The soccer match in Jurij Oleša’s Zavist′ has long served as a symbolic representation of the conflict between Soviet society and Western individualism. However, the soccer match also acts as an allegory of the concept of play as a fundamental ontological, metaphysical category, which creates structure and order and reflects the nature of ritual and artistic creativity. In this presentation, I propose that Oleša’s artistic representations are directly related to “play” as an ontological category. These concepts are written into the soccer match scene and are expanded throughout the novel, especially as related to the game which surrounds the “conquest” of Valja.
These principles of play are founded upon Gadamer’s Truth and Method and Johan Huizinga’s Homo Ludens. To support this hypothesis, I will briefly explicate the nature of play as understood by Huizinga and Gadamer. Play is more than a game; it is a phenomenological concept. Gadamer asserts that play creates its own structure in which players and even spectators participate. “The presentation of a god in a religious rite, the presentation of a myth in a play, are play not only in the sense that the participating players are wholly absorbed in the presentational play and find in it their heightened self-representation, but also in that the players represent a meaningful whole for an audience. [The] openness toward the spectator is part of the closedness of the play”(109). Through the full interaction of players and spectators, the nature of play can assume artistic and cosmic proportions.

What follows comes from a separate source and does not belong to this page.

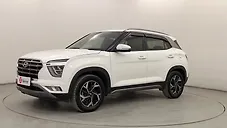 Used Hyundai Creta SX 1.5 Petrol Executive in Pune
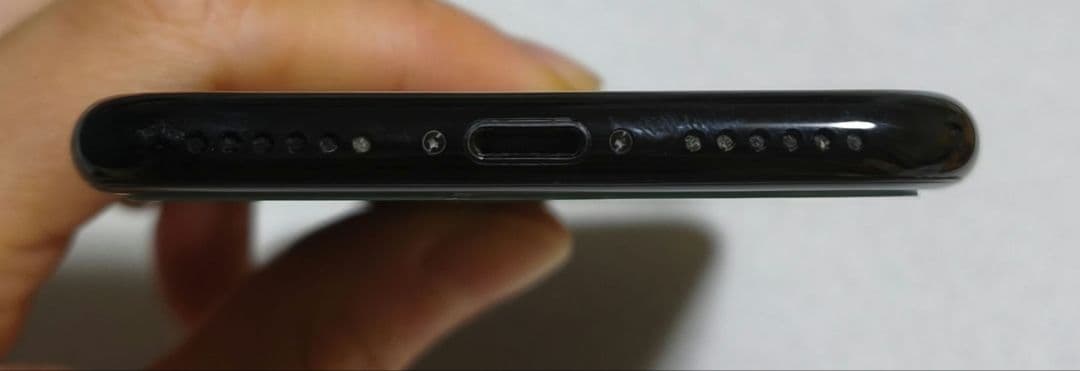iPhone 7 ブラック 本体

Applying this hermeneutical approach to Zavist′, the most important scene to focus on is the one which is most transparent in reference to the idea of “play,” namely the soccer match. Here, I will focus on the essential structure of the game and how the players fulfill that structure. Then I will focus on Kavalerov’s “participation” regarding the soccer game and the “conquest” of Valja. Through spectating, Kavalerov participates not only in the game itself, but also determines the meaning of the game through the process of play. His participation highlights all aspects of play—the structure of play (including rules and boundaries), the flow of play, participation and spectating. The game surrounding Valja is one in which the methods of conquest become representations of contrasting artistic visions, visions which are embedded in the nature of play. The conquest of Valja not only represents the defeat of Kavalerov, but also the ineffectiveness of his artistic vision within the structure of that game.
Gadamer, Hans-Georg. Truth and Method. Second edition. Trans. Joel Weinsheimer and Donald G. Marshall. New York: Crossroad, 1992.
Huizinga, Johan. Homo Ludens: A Study of the Play Element in Culture. Boston: Beacon Press, 1950.
Oleša, Jurij. Izbrannoe. Moscow: Xudožestvennaja literatura, 1974.